Nevertheless, companies might decide to link board pay to the performance on these indicators regardless of any legal obligation to do so. Since Sec. 10 Subsec. 2 No. 3 GSCDDA requires companies to evaluate their due diligence measures on a regular basis and to report on this evaluation, companies will already be measuring human rights KPIs that might also be used for determining board pay. Moreover, Sec. 4 Subsec. 2 GSCDDA obliges companies to implement effective measures for HRDD (Human Rights Due Diligence), and this will require buy in from the highest level of the company. Linking board pay at least to the human rights performance (Sec. 2 GSCDDA) would increase the strategic attention that boards need in order to commit to the issue and therefore could in itself be a measure to ensure the effective implementation of HRDD. The 2019 CHRB results support this view: 88 % of companies who scored 0.5 or more on indicator A.2.3 also scored points on the HRDD indicators (B.2), while only 45% of companies who did not score on A.2.3 managed to score points on HRDD. Specifically, companies could decide to link board pay to indicators related to “salient” risks which are listed in Sec. 5 GSCDDA.
To design KPIs, which can be derived from the GSCDDA, companies can draw upon tools from NGOs, which help to develop targets and KPIs for human rights performance (e. g. the Indicator Design Tool by Shift or a compilation of quantitative
human rights indicators indicators by ecosense). Companies that are included in benchmarks like the CHRB could also link pay to their company´s performance as measured there – an approach taken by Total in 2020, which took into consideration the CHRB score when deciding about the CSR linked part of 2019`s board pay (see Total`s report, p. 178). Consequently, efforts to introduce remuneration incentives do not have to start from scratch, but can build upon solid resources, which make the process simple and cost-effective.

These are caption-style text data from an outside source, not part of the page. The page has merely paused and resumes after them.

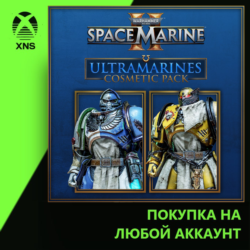Warhammer 40,000: Space Marine 2 - Ultramarines Cosmetic Pack Xbox PC | Любой аккаунт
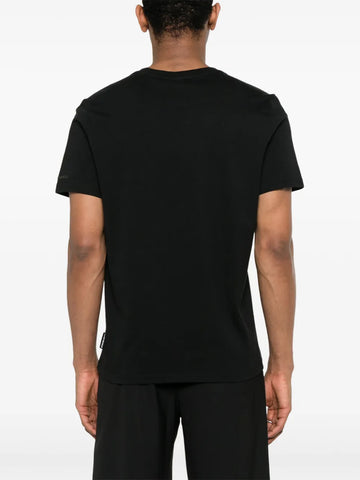 Moose Knuckles, Utility Pocket Black Tee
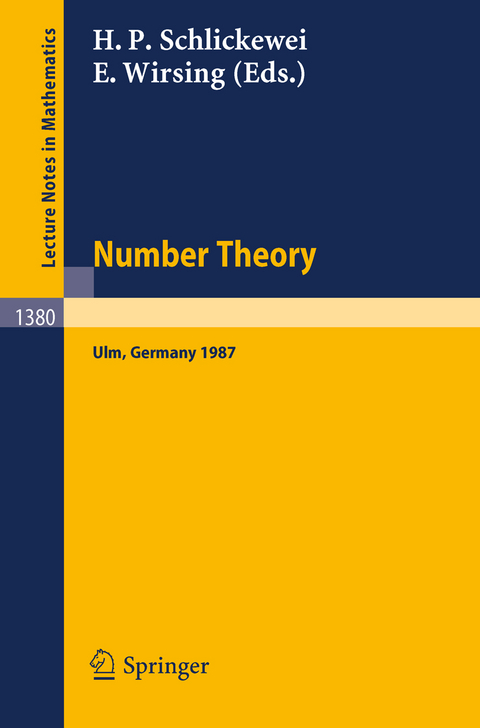 Number Theory -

The following points may serve as key take-aways:
– There is robust evidence, that linking board compensation to ESG and human rights related KPIs leads to better and more transparent management of those issues.
– Moreover, there is a strong case that German corporate law now requires that board compensation must be tied to human rights related KPIs, which are derived from the new GSCDDA.

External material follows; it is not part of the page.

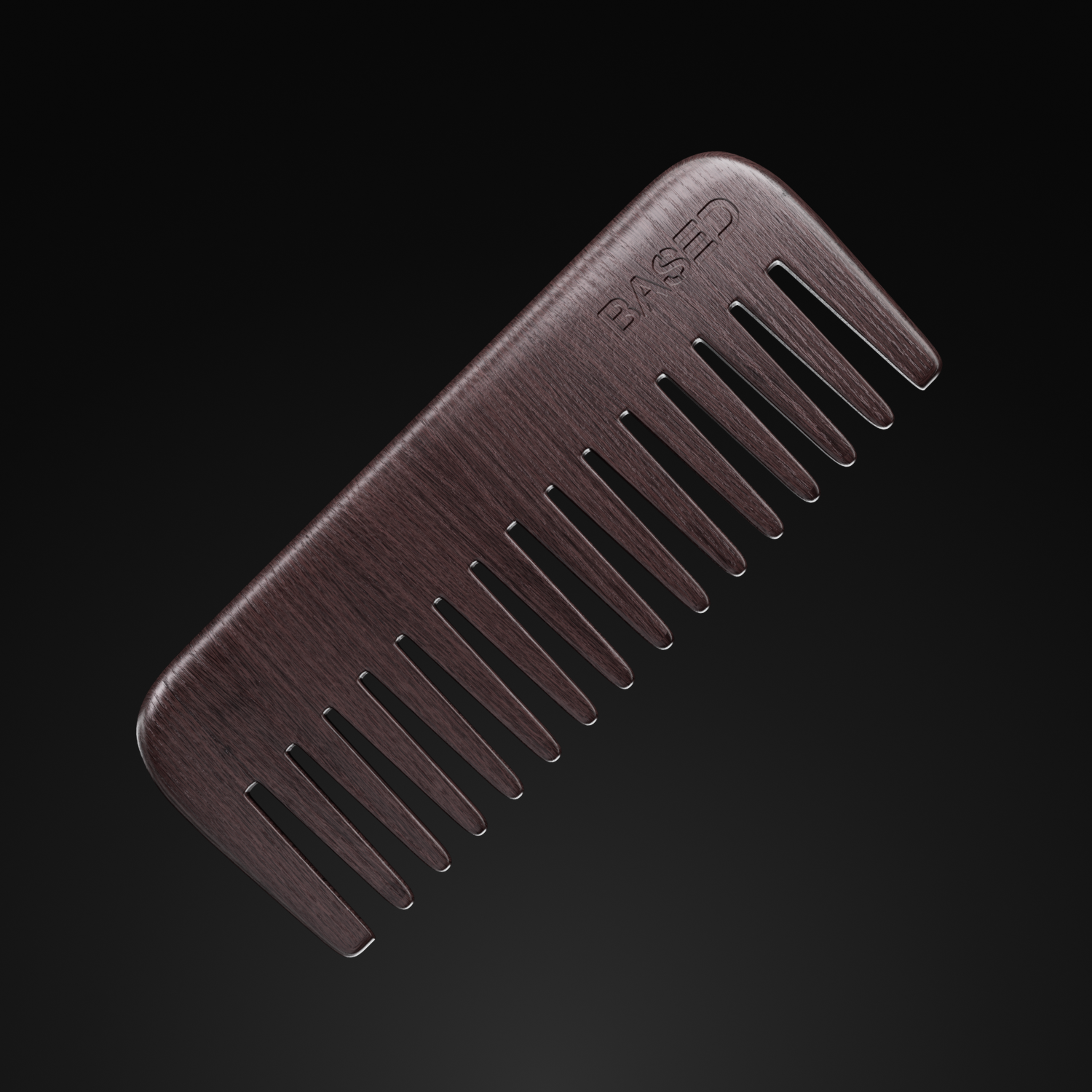 Wooden Hair Comb - Everyday Texture Powder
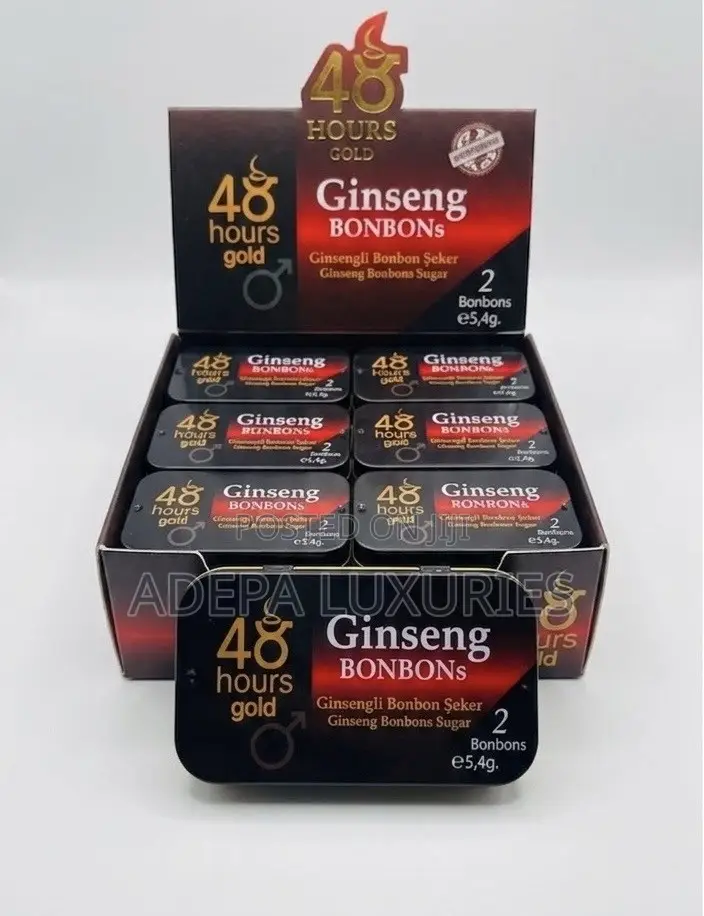 48 Hours Gold Ginseng Aphrodisiac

– Even if no such legal obligation exists, the changes which the GSCDDA brings, will make it easier and worthwhile to implement compensation incentives anyway.
– Looking forward, new recommendations by the European Commission’s advisory group “Platform on Sustainable Finance” point to upcoming EU-wide requirements to link board compensation and ESG-KPIs. Thus, companies which act now, may gain a competitive edge by being well prepared for future regulation.
Suggested citation: D. Schönfelder and N. Neitzel, ‘Linking Board Pay to Human Rights – New Developments from Germany’, Nova Centre on Business, Human Rights and the Environment Blog, 8th October 2021.